----- Recorded data

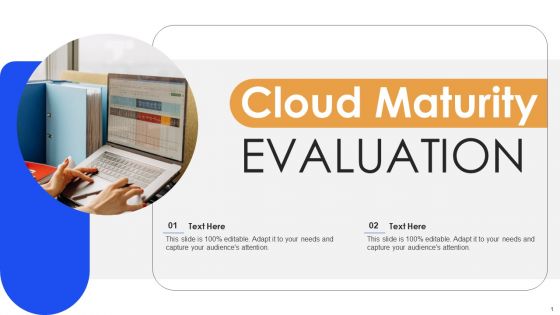 Cloud Maturity Evaluation Icons PDF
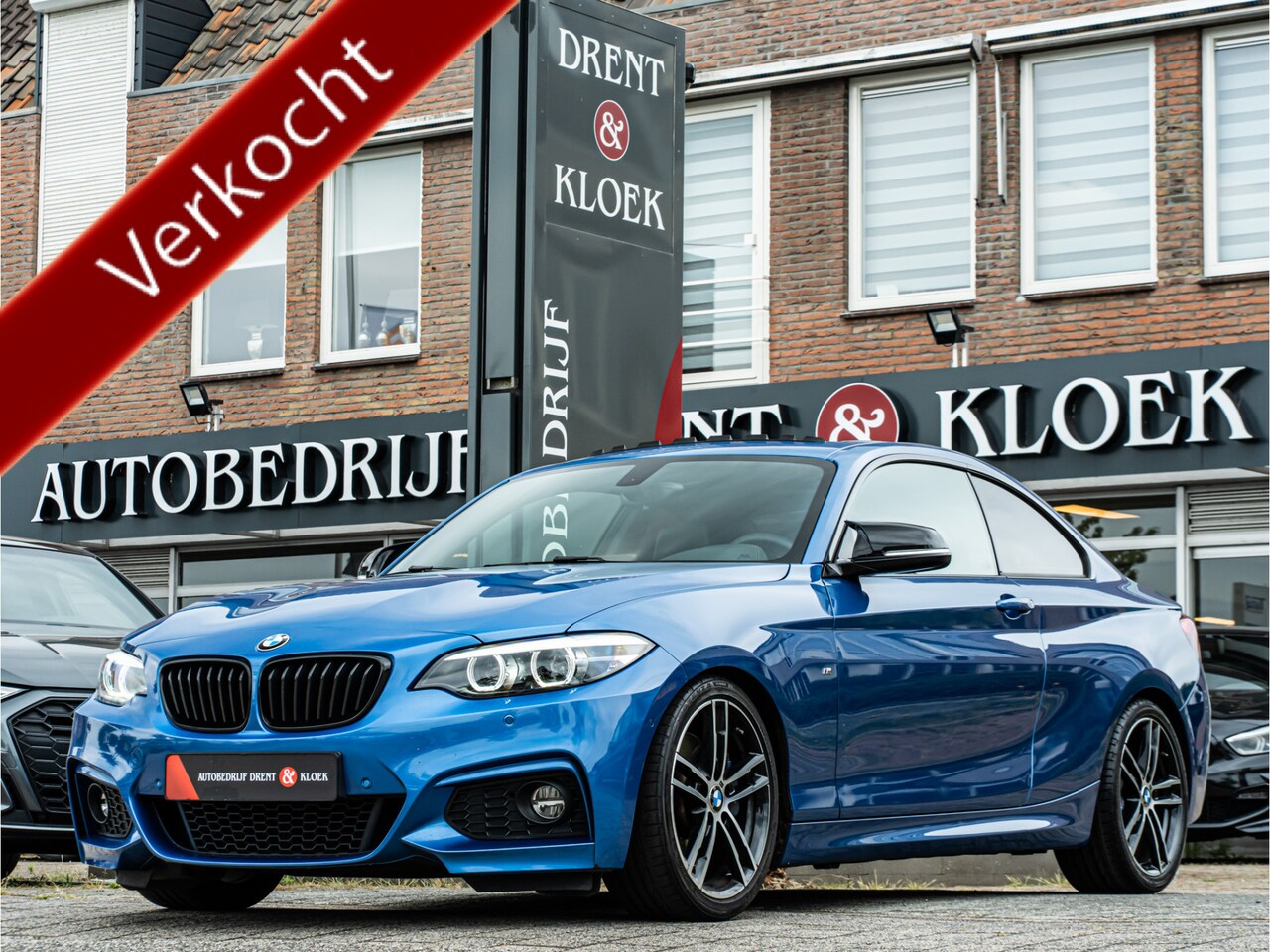 BMW 2-serie Coupé - 220i High Exe M-Sport ORG NL PANO CAMERA SHADOW LINE LED HIFI LEDER - AutoWereld.nl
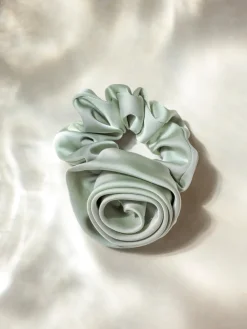 Eternal Rose Grey-green Scrunchie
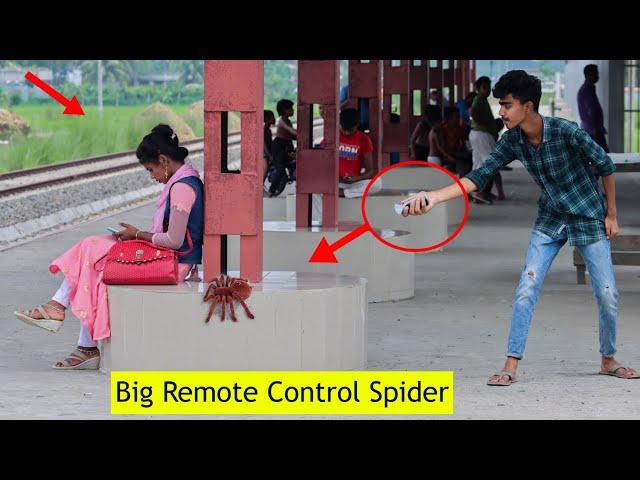 Fake Spider Attack Prank On Public | Big Remote Control Spider Vs Man Prank Video | Try To Not Laugh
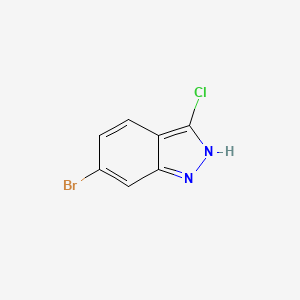 Chemical structure of 6-Bromo-3-chloro-1H-indazole
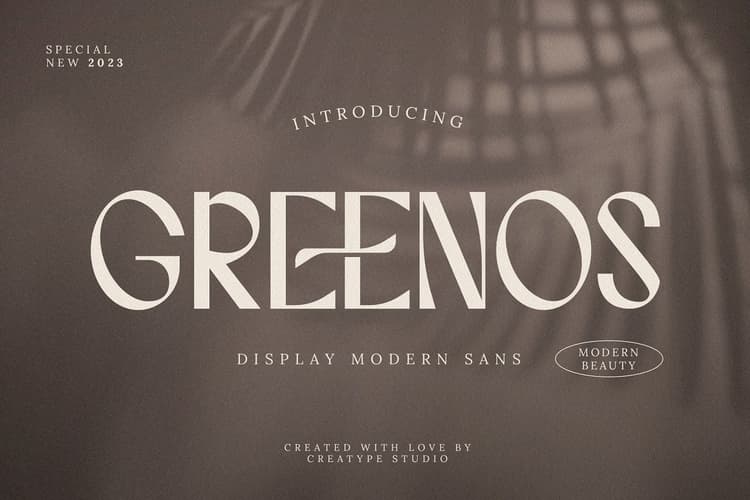 Greenos Font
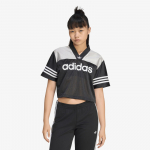 adidas Crop Jersey Black/ Grey Two/ White - Dydis S (KQ6427 Mar&scaron;kinėliai)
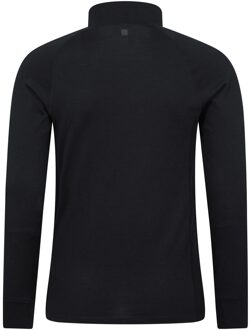 Heren Summit Merinowollen Coltrui Thermo Top (Zwart) - maat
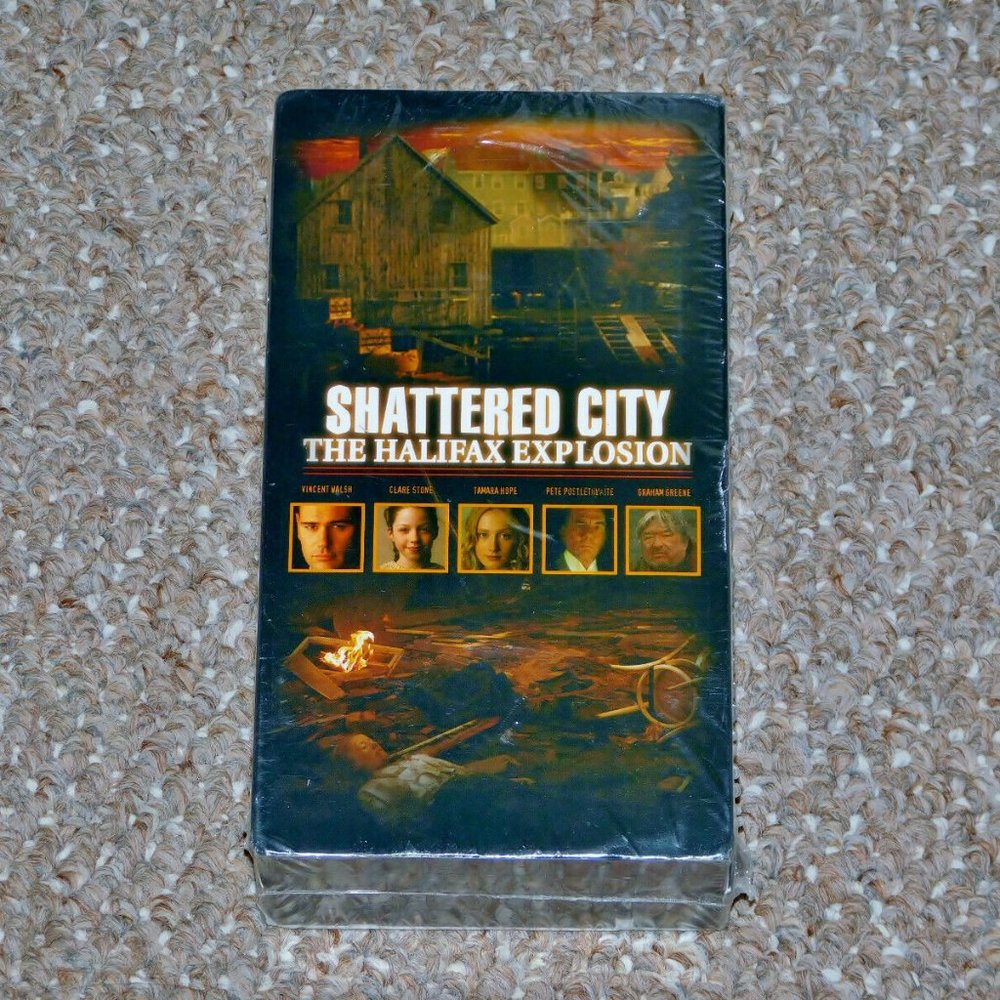 Shattered City: The Halifax Explosion VHS 2003 Brand New Bruce Pittman Canadian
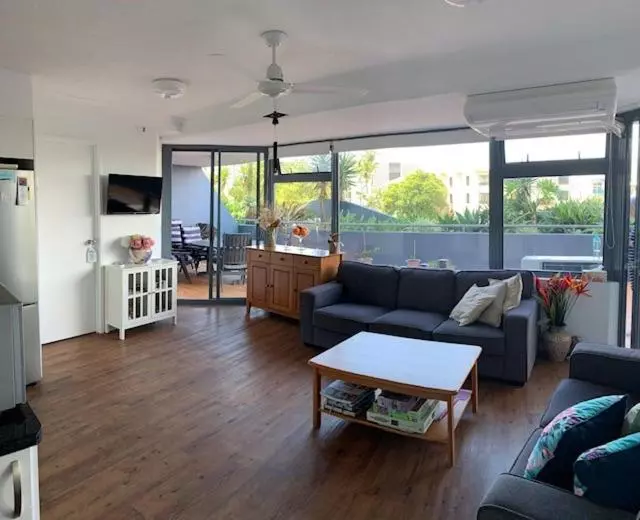 庭の見える1ベッドルームアパートメント, Centrepoint Apartments Caloundra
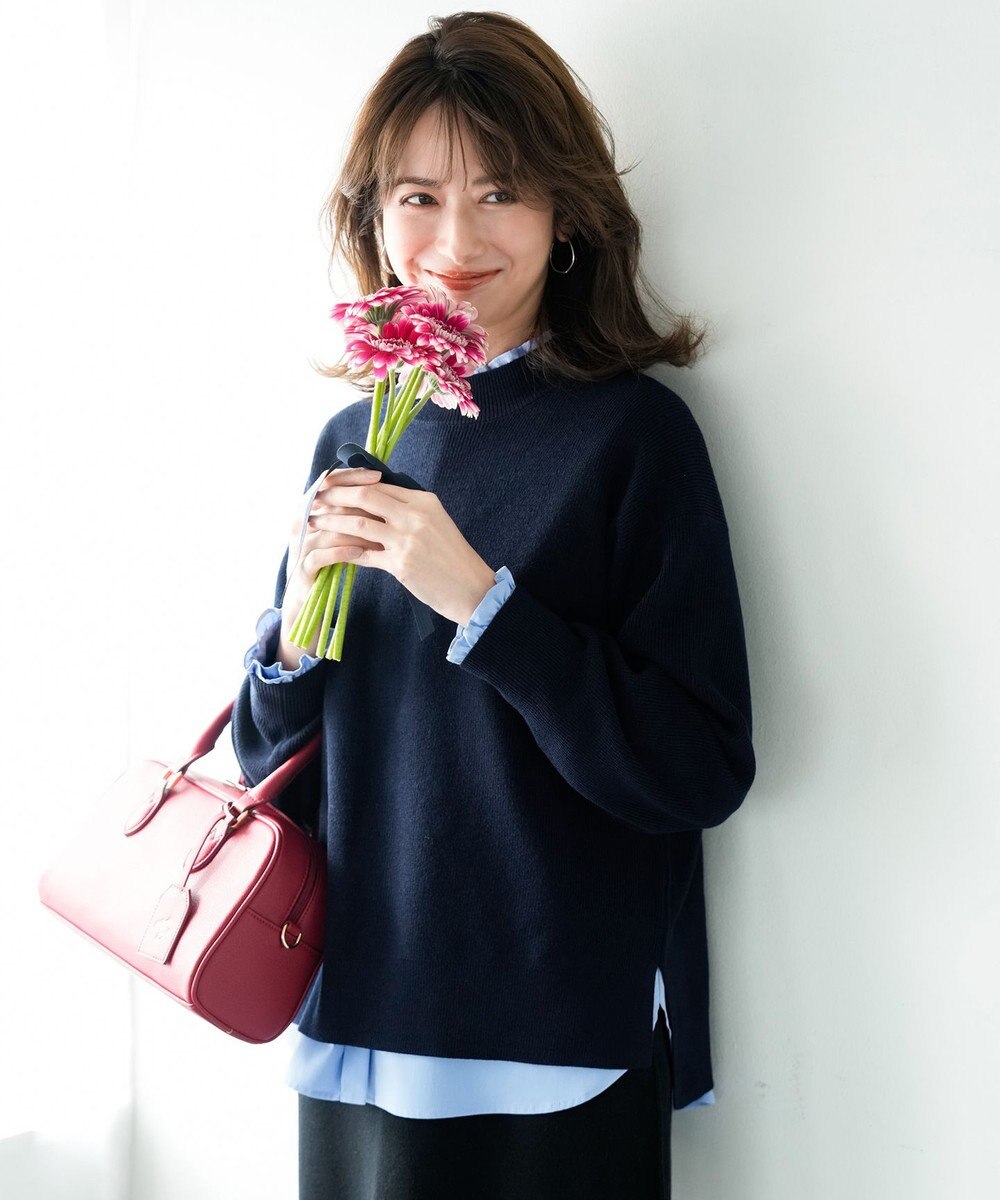 ANY SIS S ラインポイント ニット 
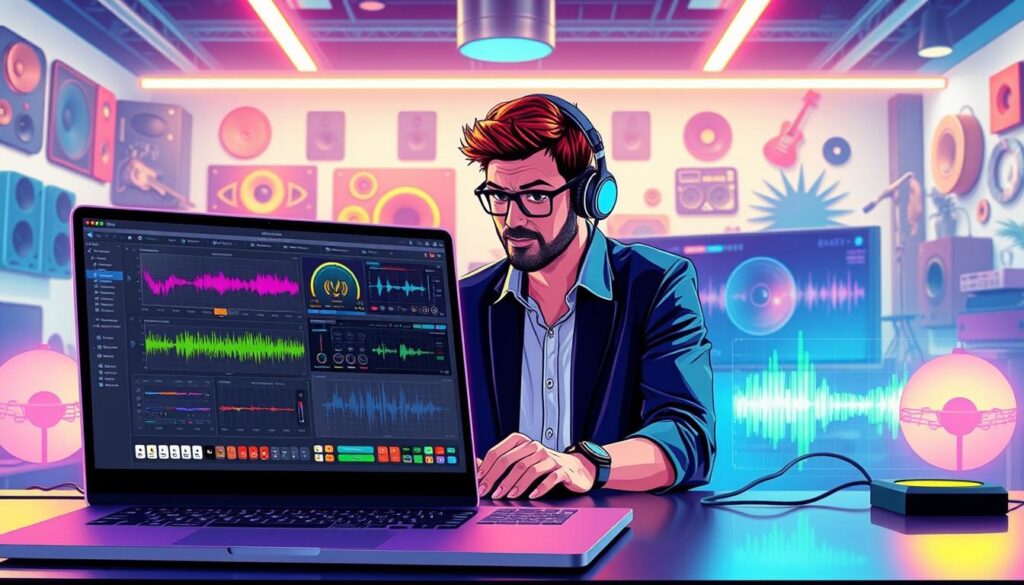 efeitos criativos aplicações voz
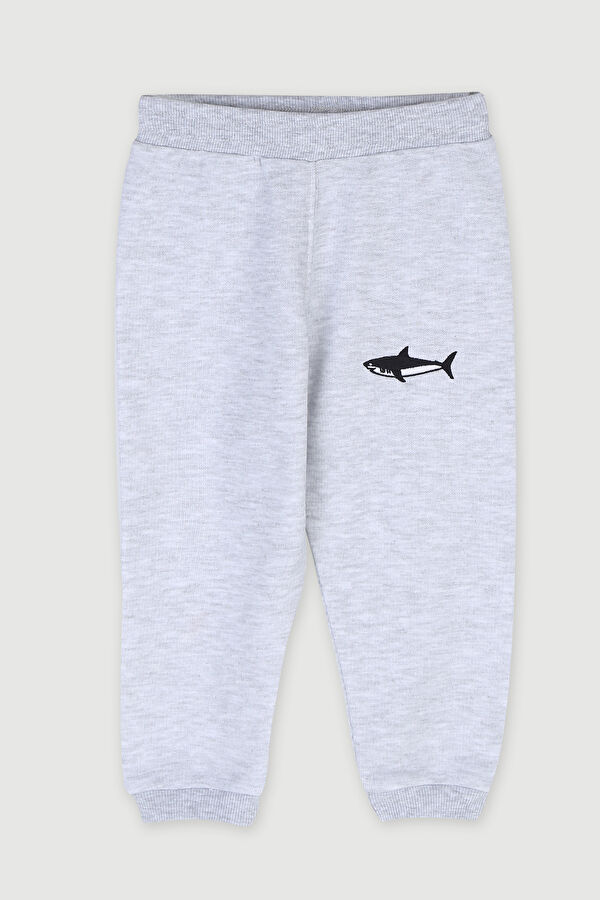 Shark Çocuk Sweatpants Gri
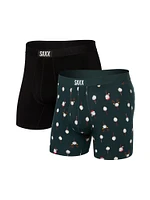 LOT DE 2 BOXERS SAXX ULTRA- XMAS TEE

----------

In your copy, repeat the records above exactly and include no images.

 Cloud Maturity Evaluation Icons PDF
 BMW 2-serie Coupé - 220i High Exe M-Sport ORG NL PANO CAMERA SHADOW LINE LED HIFI LEDER - AutoWereld.nl
 Eternal Rose Grey-green Scrunchie
 Fake Spider Attack Prank On Public | Big Remote Control Spider Vs Man Prank Video | Try To Not Laugh
 Chemical structure of 6-Bromo-3-chloro-1H-indazole
 Greenos Font
 adidas Crop Jersey Black/ Grey Two/ White - Dydis S (KQ6427 Mar&scaron;kinėliai)
 Heren Summit Merinowollen Coltrui Thermo Top (Zwart) - maat
 Shattered City: The Halifax Explosion VHS 2003 Brand New Bruce Pittman Canadian
 庭の見える1ベッドルームアパートメント, Centrepoint Apartments Caloundra
 ANY SIS S ラインポイント ニット 
 efeitos criativos aplicações voz
 Shark Çocuk Sweatpants Gri
 LOT DE 2 BOXERS SAXX ULTRA- XMAS TEE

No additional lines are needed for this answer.